RolfWeilen commented at 2019-07-09 05:59:

Hi I have changed the script 990_verify_rootfs.sh as you recomended for our case.
Thanks a lot for this hint.

#for binary in $( find $ROOTFS_DIR -type f -executable -printf '/%P\n' ); do
#SUVA Change
for binary in $( find $ROOTFS_DIR ! -name '*vdso*.so' -type f -executable -printf '/%P\n' ); do

gdha commented at 2019-07-09 06:29:

@rear/contributors
what do you think about
#2177 (comment)
@jsmeix Indeed not a bad idea to exclude kernel modules from the ldd output.

jsmeix commented at 2019-07-09 08:02:

I will exclude kernel modules from the ldd test in
usr/share/rear/build/default/990_verify_rootfs.sh

jsmeix commented at 2019-07-09 08:05:

@RolfWeilen
thank you for your prompt feedback what "quick and dirty workaround"
made things work in your particular case.
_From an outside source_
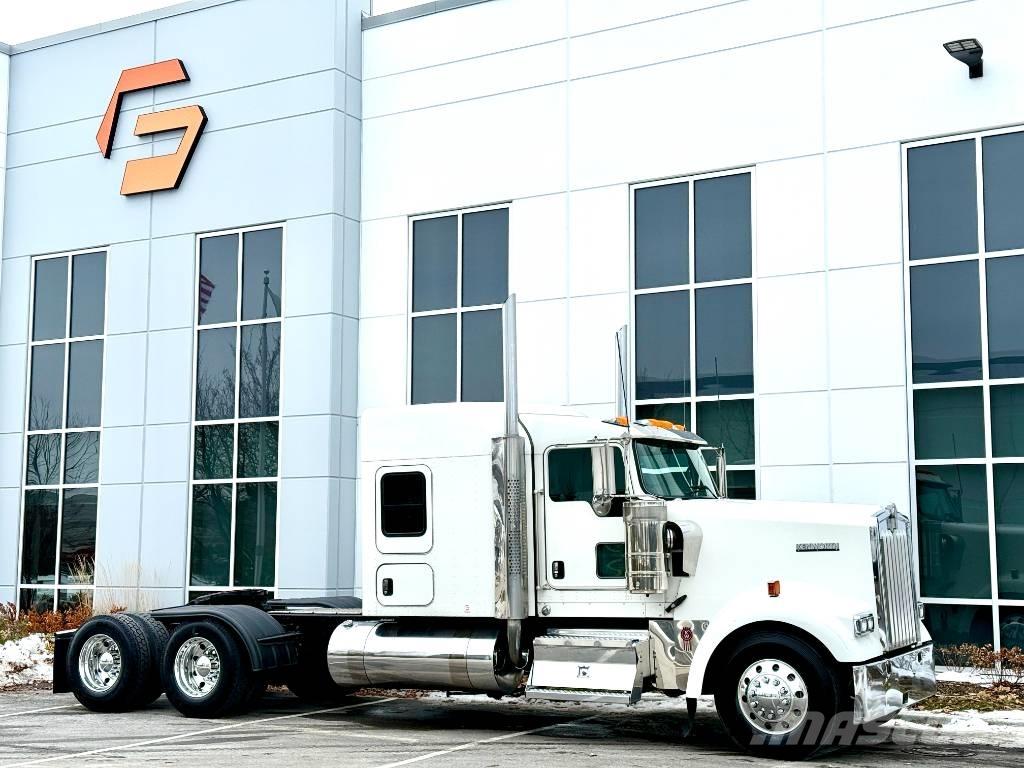 Kenworth W900 Vetopöytäautot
jsmeix commented at 2019-07-09 11:50:

@RolfWeilen

FYI:

I was wondering why in your particular case
you have kernel modules in /usr/lib/modules/
instead of the normal directory /lib/modules/.

You may have a look at the output of e.g.
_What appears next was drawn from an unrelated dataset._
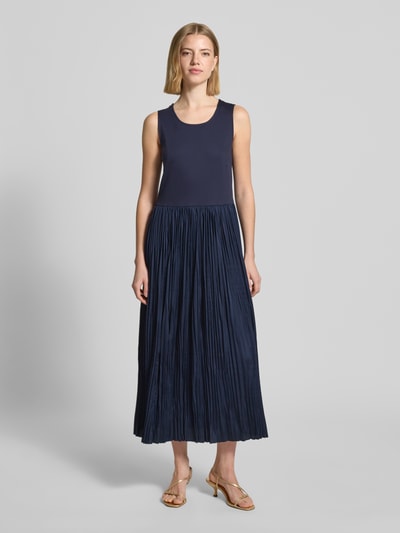 Frauenmodel trägt Midikleid im 2-in-1-Look mit Rundhalsausschnitt von ROBE LÉGÈRE aus Reine Baumwolle, Gerader-Schnitt, Falten, dunkelblau, Rückenlänge bei Größe 36: 127 cm, Brustweite bei Größe 36: 41 cm, Ganzkörperansicht von vorne.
# egrep ' source |vdso|usr/lib/modules' rear-h50ll60.log

of your rear-h50ll60.log file that results in particular (excerpts)

+ source /usr/share/rear/build/default/985_fix_broken_links.sh
/usr/lib/modules/3.10.0-957.12.1.el7.x86_64/weak-updates/kmod-kvdo/uds/uds.ko
/usr/lib/modules/3.10.0-957.12.1.el7.x86_64/weak-updates/kmod-kvdo/vdo/kvdo.ko
/usr/lib/modules/3.10.0-957.12.1.el7.x86_64/build
/usr/lib/modules/3.10.0-957.12.1.el7.x86_64/source
...
mkdir: created directory './usr/lib/modules/3.10.0-948.el7.x86_64'
mkdir: created directory './usr/lib/modules/3.10.0-948.el7.x86_64/extra'
mkdir: created directory './usr/lib/modules/3.10.0-948.el7.x86_64/extra/kmod-kvdo'
mkdir: created directory './usr/lib/modules/3.10.0-948.el7.x86_64/extra/kmod-kvdo/uds'
...
++ PrintError 'Broken symlink '\''/usr/lib/modules/3.10.0-957.12.1.el7.x86_64/build'\'' in recovery system because '\''readlink'\'' cannot determine its link target'
...
++ PrintError 'Broken symlink '\''/usr/lib/modules/3.10.0-957.12.1.el7.x86_64/source'\'' in recovery system because '\''readlink'\'' cannot determine its link target'

I think there could be something wrong on your original system
when you have /usr/lib/modules/3.10.0-957.12.1.el7.x86_64/ there.

RolfWeilen commented at 2019-07-10 08:23:

Hi
On our redhat server's the /lib and /usr/lib seems to be the same. Just a link.
I try to install a redhat from iso image and not from the satelite install server.
Redhat 7.6 and Redhat 8:

# ls -ld /lib
lrwxrwxrwx. 1 root root 7 Aug 30  2018 /lib -> usr/lib

# ls -ld  /lib64
lrwxrwxrwx. 1 root root 9 Aug 30  2018 /lib64 -> usr/lib64

jsmeix commented at 2019-07-10 09:19:

@RolfWeilen
thank you for the info how things are on Red Hat.

A side note:

Let's hope that no Linux distribution uses something new
like lib64/modules or whatever else for kernel modules
(the usual suspect for unexpected fancy deviations is Arch Linux ;-)
because ReaR only looks at /lib/modules/$KERNEL_VERSION
(cf. usr/share/rear/build/GNU/Linux/400_copy_modules.sh and other scripts)
where KERNEL_VERSION="$( uname -r )" by default
(cf. usr/share/rear/conf/default.conf but see also -r in "man rear")
which matches what "man modprobe" reads

modprobe looks in the module directory
/lib/modules/`uname -r` for all the modules

at least on my old SLES11 and also on my
newer SLES15-like openSUSE Leap 15.0.

RolfWeilen commented at 2019-07-10 09:28:

Hi
I installed a redhat server 7.6 from dvd with same result. /lib is a link to /usr/lib.
regards
rolf

jsmeix commented at 2019-07-10 12:41:

With https://github.com/rear/rear/pull/2179 merged
this issue should be avoided.


[Export of Github issue for rear/rear.]